Crawled caption data
--
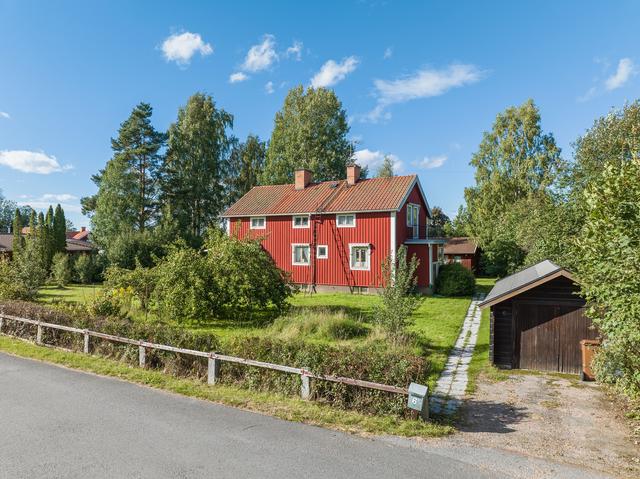 Välkommen till denna fantastiska villa belägen i det omtyckta området Åkerö.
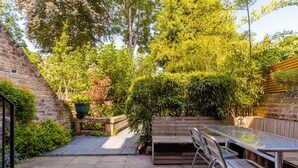 Outdoor dining - Stylish bright apartment with private garden (London)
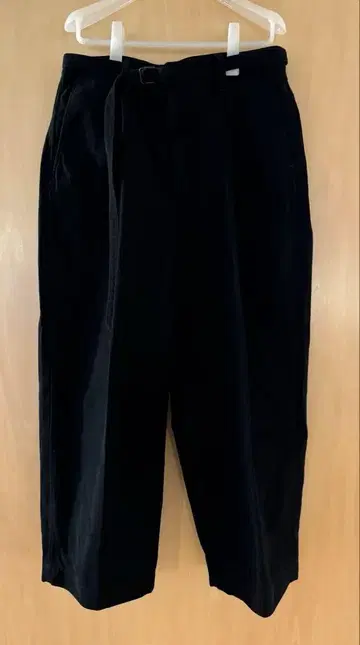 blurhms Brushed Twill Belted Trousers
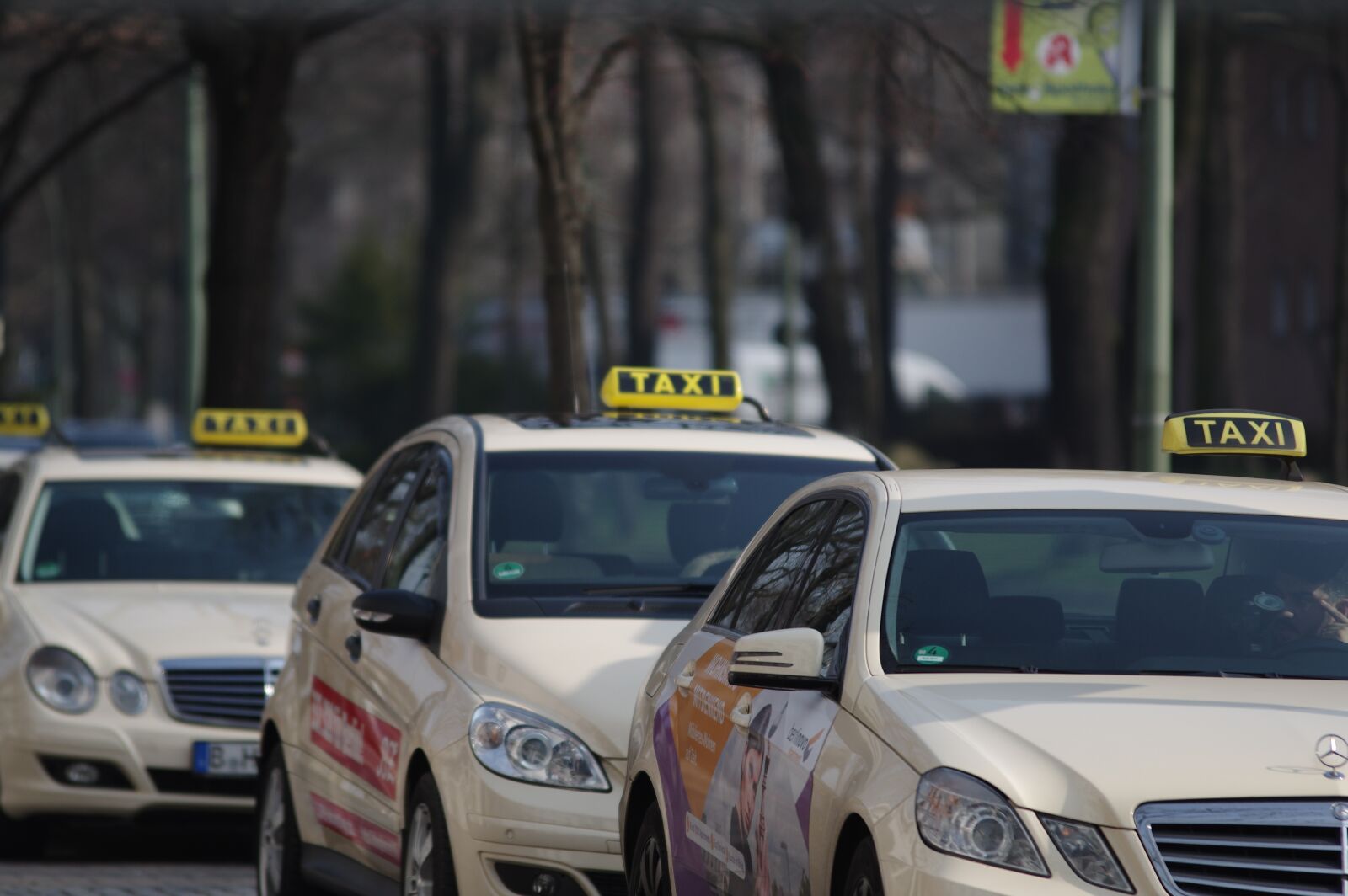 Pentax K-3 sample photo. Taxi, taxe, taxi stand photography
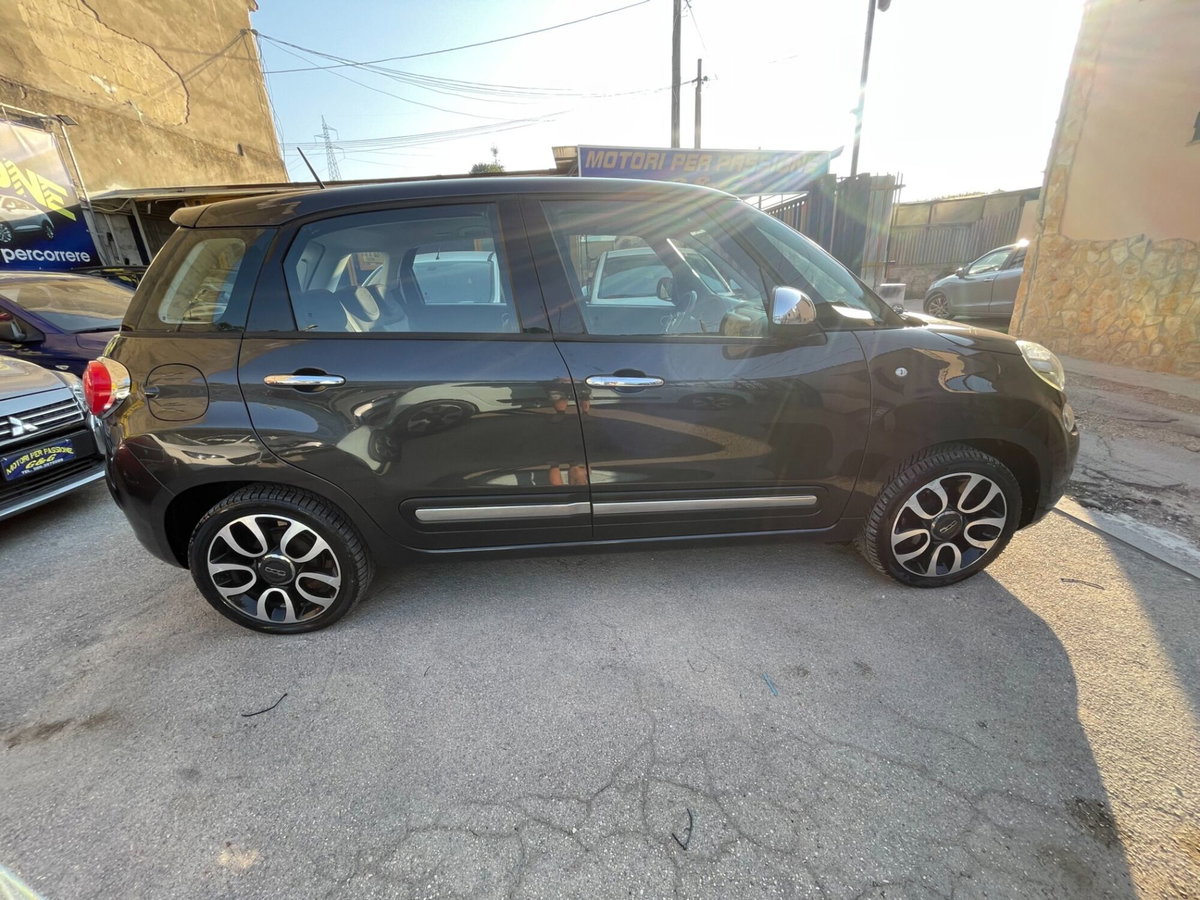 Fiat 500L 1.4 95 CV Lounge (19)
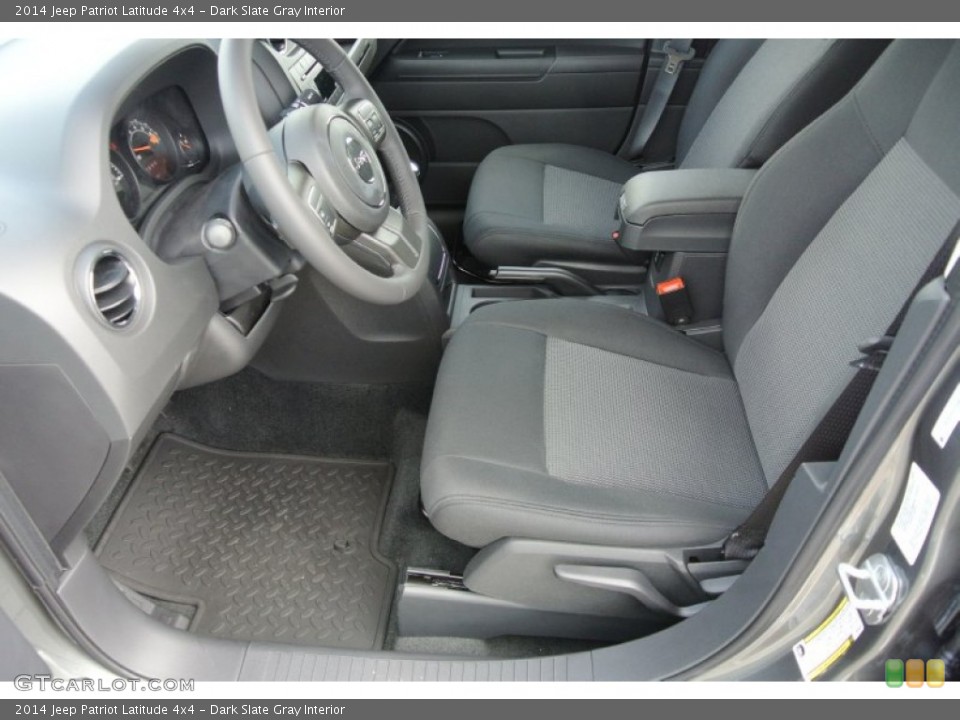 Dark Slate Gray Interior Photo for the 2014 Jeep Patriot Latitude 4x4 #80593834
--
— EXERCISE GOAL —
All of the data above needs to be retyped exactly, with the pictures removed.

— TASK RESULT —
 Välkommen till denna fantastiska villa belägen i det omtyckta området Åkerö.
 Outdoor dining - Stylish bright apartment with private garden (London)
 blurhms Brushed Twill Belted Trousers
 Pentax K-3 sample photo. Taxi, taxe, taxi stand photography
 Fiat 500L 1.4 95 CV Lounge (19)
 Dark Slate Gray Interior Photo for the 2014 Jeep Patriot Latitude 4x4 #80593834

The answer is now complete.